Making his case about the relative correctness of disobeying laws designed to keep the black people from demonstrating, King called on the basic codes of morality that had been discussed by some of the world’s most respected historical moralists: “one has a moral responsibility to disobey unjust laws. I would agree with St. Augustine that, an unjust law is no law at all” (King, 15). It was clear that the segregation laws of the south were in direct contradiction to the Supreme Court ruling that granted equal rights to people of color. As such, King did not feel peaceful demonstration could be considered breaking the law. He defined moral law as laws designed to protect the rights of the people and the community. The segregation laws were used only as a means of subjugation, oppression, and degradation. Because these laws were not applied equally among the population, they were deemed both immoral and unjust. King reasoned that to break an unjust and immoral law is acting in a moral and just manner for the good of the community, especially if this can be completed in a peaceful, kindly manner.

One of King’s final arguments was that the community required a positive course of action to release the negative emotion that accumulated as a result of segregation. He knew that violence was likely to erupt if something wasn’t done soon to channel the energy. He states, “the Negro has many pent-up resentments and latent frustrations, and he must release them. So let him March” (King, 29). Again appealing to basic morality, King suggests it is better to organize a peaceful demonstration that siphons some of the negative energy from the black community while gaining support from the previously ill-informed white community rather than to blindly allow the eruption of a racial war. King relates the extremist label that had been pinned on him to numerous religious and humanitarian leaders. He asks, “so the question is not whether we will be extremists, but what kind of extremists we be. Will we be extremists for hate or love? Will we be extremists for the preservation of injustice or the extension of justice? … Perhaps the South, the nation, and the world are in dire need of creative extremists” (King, 30).

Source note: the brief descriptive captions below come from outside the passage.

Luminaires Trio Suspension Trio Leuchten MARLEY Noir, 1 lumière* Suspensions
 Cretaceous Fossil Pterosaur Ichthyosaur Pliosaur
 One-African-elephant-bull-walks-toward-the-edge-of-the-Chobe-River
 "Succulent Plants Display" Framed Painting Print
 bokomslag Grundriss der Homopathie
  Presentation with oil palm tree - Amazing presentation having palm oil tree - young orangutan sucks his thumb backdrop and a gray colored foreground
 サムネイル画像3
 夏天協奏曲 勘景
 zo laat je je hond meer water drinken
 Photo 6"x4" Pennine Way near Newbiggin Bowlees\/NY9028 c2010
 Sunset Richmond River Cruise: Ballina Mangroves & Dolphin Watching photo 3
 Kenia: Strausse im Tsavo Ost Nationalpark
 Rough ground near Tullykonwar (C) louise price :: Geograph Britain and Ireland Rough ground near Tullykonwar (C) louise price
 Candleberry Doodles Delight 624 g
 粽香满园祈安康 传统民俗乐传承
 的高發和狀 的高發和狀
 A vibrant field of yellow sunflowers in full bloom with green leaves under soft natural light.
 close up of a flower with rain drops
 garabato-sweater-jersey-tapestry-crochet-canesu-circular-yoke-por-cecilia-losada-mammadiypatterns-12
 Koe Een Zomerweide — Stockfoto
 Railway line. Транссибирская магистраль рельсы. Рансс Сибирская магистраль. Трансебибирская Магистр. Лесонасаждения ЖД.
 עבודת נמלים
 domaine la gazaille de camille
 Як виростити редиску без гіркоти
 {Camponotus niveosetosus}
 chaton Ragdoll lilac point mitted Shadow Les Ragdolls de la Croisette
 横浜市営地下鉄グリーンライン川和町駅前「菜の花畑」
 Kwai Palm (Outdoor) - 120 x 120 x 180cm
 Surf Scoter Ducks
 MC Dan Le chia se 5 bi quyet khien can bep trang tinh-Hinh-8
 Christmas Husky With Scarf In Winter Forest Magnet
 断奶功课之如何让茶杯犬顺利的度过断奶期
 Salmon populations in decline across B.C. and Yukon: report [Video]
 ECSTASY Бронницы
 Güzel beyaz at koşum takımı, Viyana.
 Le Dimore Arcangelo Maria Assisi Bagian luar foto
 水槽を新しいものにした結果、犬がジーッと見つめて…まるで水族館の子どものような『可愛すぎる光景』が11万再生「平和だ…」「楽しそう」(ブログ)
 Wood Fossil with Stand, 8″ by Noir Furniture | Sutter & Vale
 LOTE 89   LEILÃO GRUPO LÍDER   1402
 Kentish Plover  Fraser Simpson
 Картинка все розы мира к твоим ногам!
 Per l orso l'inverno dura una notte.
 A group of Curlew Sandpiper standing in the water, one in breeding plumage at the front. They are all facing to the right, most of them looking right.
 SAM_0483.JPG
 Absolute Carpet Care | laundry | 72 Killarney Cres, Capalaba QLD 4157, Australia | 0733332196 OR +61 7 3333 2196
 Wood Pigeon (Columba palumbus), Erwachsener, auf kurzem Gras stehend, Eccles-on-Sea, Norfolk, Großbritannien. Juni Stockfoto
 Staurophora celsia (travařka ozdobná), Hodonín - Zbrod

King closes his letter by expressing his disappointment with his community’s church leaders who have failed to recognize not only the injustice being suffered by their people. He acknowledges the church’s success in keeping violence from exploding in the streets but also points out the need for more positive action. He says, “in deep disappointment, I have wept over the laxity of the church. There can be no deep disappointment where there in not deep love” (King, 38). Because he loves the church so much, he cannot but feel bitterly disappointed that they have failed their people by hiding behind the “anesthetizing security of stained-glass windows” (King, 34). He ends the letter by appealing to his fellow ministers to join him in his cause.

Through every stage of his argument, King appeals to the principles of basic morality to try to make his fellow ministers see reason. He points out that it is only through peaceful actions that the morality of the white people will finally recognize the deplorable conditions that existed in the south for the blacks. He also convincingly argues that people should not uphold immoral laws and should not be encouraged by their moral leaders to do so. One of his strongest arguments is the morality of preventing violence by channeling negative energy into positive progress and action. Through these arguments, he can shame the church leaders for their lack of responsibility and begs them to help find solutions that will allow their congregations to live truly equal lives with equal opportunity for the future.

Works Cited

King, Martin Luther. “Letter from Birmingham Jail.” (1963). Nobel Prizes.